Generally the math of the acquisition is that there is "synergy" (i.e 1+1 much greater than 2 kind of logic). Generally when a big price is paid in an acquisition, the intent is that the acquirer would be able to recoup their investment through such synergies, leveraging the acquired company's technology, leveraging the acquirer's own reach and distribution channels to sell more of the acquired product and so on.


I guess the authors point was that it since there isn't a deep integration, it doesn't provide value to Salesforce.com users. The question is, why should it if they're not the target customer?

Specially recently, people have been acquisitions that get integrated (closed down) and are happy then the company is left alone (Tumblr).


The truth is that the ZOHO founder is right (acquisition price is a joke, Salesforce product is clunky, Salesforce multiple is crazy). And yet, clear market leaders in high growth markets command premium prices (Amazon has a crazy PE multiple for example). But ask Netflix or Apple. When you screw up one or two quarters, market reacts fast.
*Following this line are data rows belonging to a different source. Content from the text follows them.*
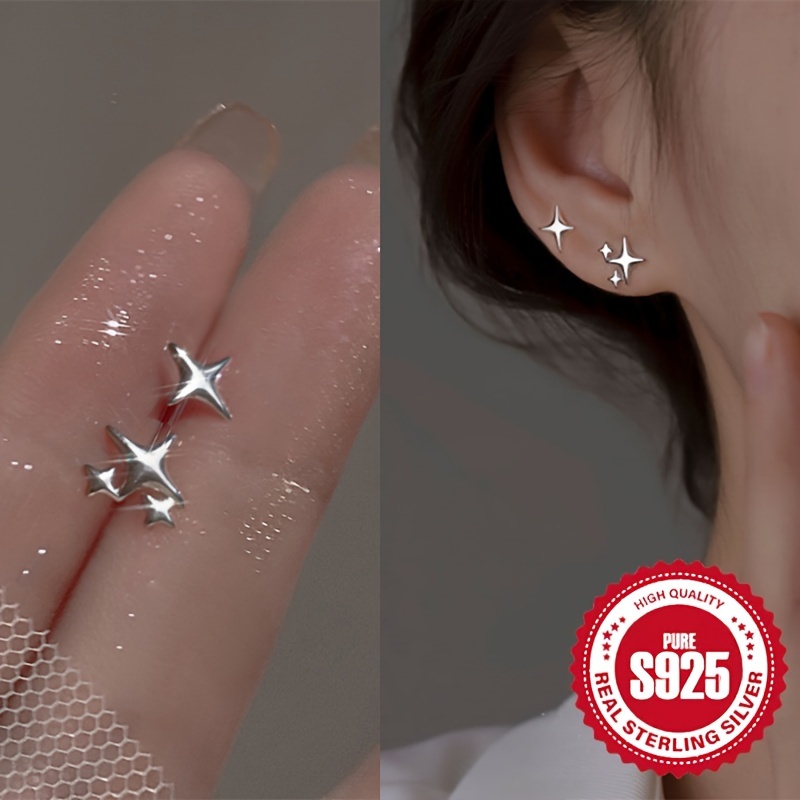 

S925 Sterling Silver Women's Asymmetrical Four-pointed Star Stud Earrings Trendy Minimalist Stud Earrings 0.8g Daily Wearing
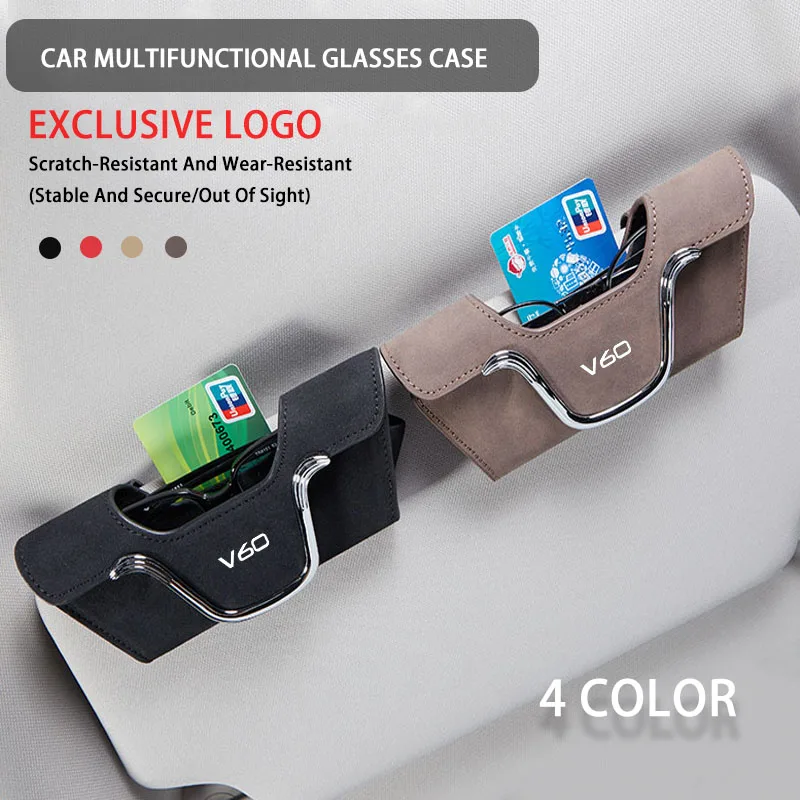

Car Sun Visor Glasses Holder Sunglasses Glasses Case For Volvo V60 S90 S60 T4 R Logo 2024 2020 Accessories 2015 Key Case styling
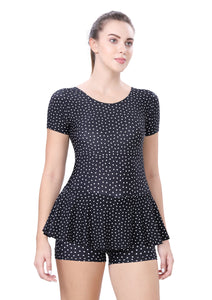 U BACK SWIMDRESS (SLEEVE WITH BOYLEG)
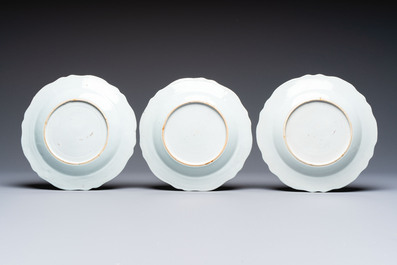 Eight Chinese famille rose plates with floral design and a 'Rooster' teapot, Yongzheng/Qianlong
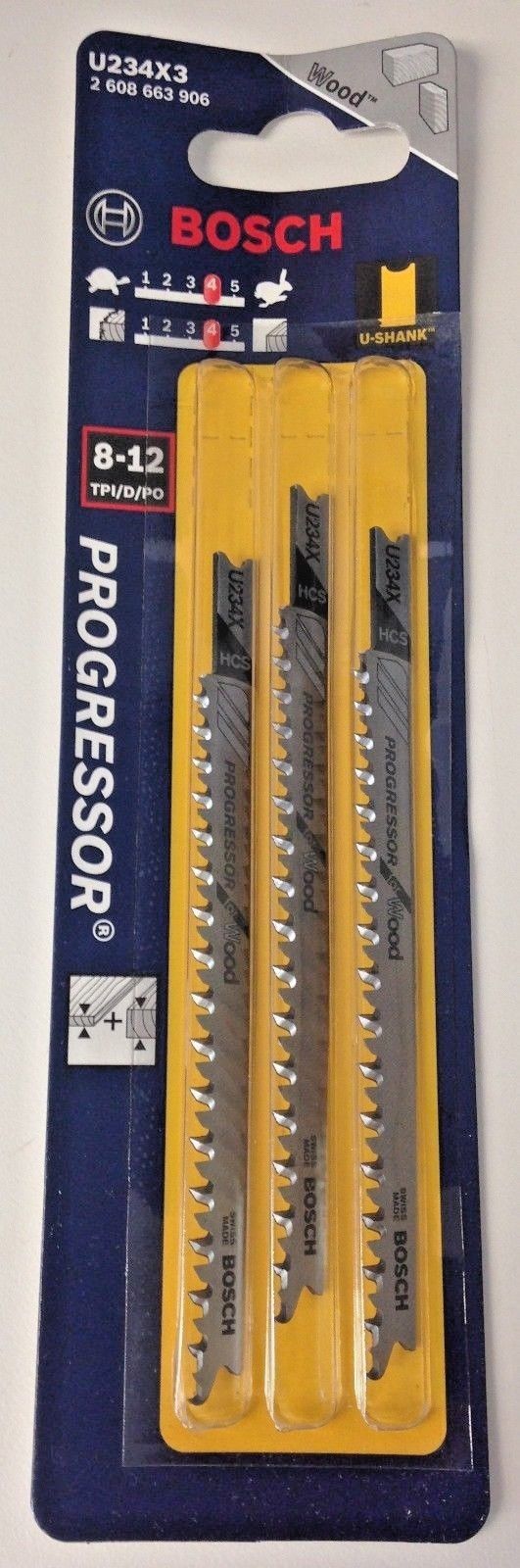 Bosch U234X3 4-1/4" x 8-12 TPI Progressor For Wood U-Shank Jig Saw Blades 3 Pack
Meh. Many well-established companies in a lick of trouble run negative P/E ratios for years...as in, the firm is losing money. There may be arguments for or against a given share price, but anything coming strictly from very high P/E values basically shifts the discussion to "what's the forward P/E?"

And of course small companies (and startups) lose money all the time, and that's expected while they're gaining momentum.

Firms that have very high P/Es (OpenTable and LinkedIn also come to mind) somehow have convinced investors that it's rational for them to spend every scrap of money on growth on a relatively massive scale, as so that the "P" part of the equation approaches zero. It seems then the discussion shifts to what the 'forward' P/E is, aka a prediction about the future where growth has stalled and the business is established and printing money without an obvious place to allocate it sensibly...like Google, or Apple. The theory then being it'd go to dividends, but that doesn't seem to be what has happened, because the business tries to justify holding onto the capital just in case it's needed to grow even more.

FWIW...I don't know anything about this stuff and plow just about everything into Vanguard. I have no interest in beating the market, I just want to track "the economy" so I can meet my needs when I can't work anymore. So, grains of salt and all that, but when I think about what a hyperbolic plot does it always mystifies me why people care so much about P/E when either term is close to zero.


What I mean is that because Salesforce: 1/ hits their sales target 2/ grows reasonably fast 3/ is the leader in SaaS for many large investors (like vanguard) Salesforce has very high valuation, which allow them to acquire Company, raise money in very good conditions and keep growing. In Salesforce case, most of their products are very bad by Silicon Valley/standard standard, and yet, the Company is worth a lot of money.

As much as Salesforce is criticizing Oracle, Salesforce is behaving just like Oracle - with a cooler CEO (who is himself a former Oracle guy).


The reason is because high P/E stocks are speculations, not investments.


This is the only post on the front page today that's not about government spying.. Well done.


Are n't many famous products (Android, Maps, Docs etc) of google are acquired rather than built?. What you think might work for you, may not work for others. Every organization have to figure out what will work best for their customers, by themselves.


Look at how EMC does it. Almost no software companies they bought have really flourished. Smarts, Infra, Voyence, nLayers, Configuresoft and Fastscale are to name just a few. All are on the way out, or are so ridiculously unsuccesful compared to when they were nimble and smaller.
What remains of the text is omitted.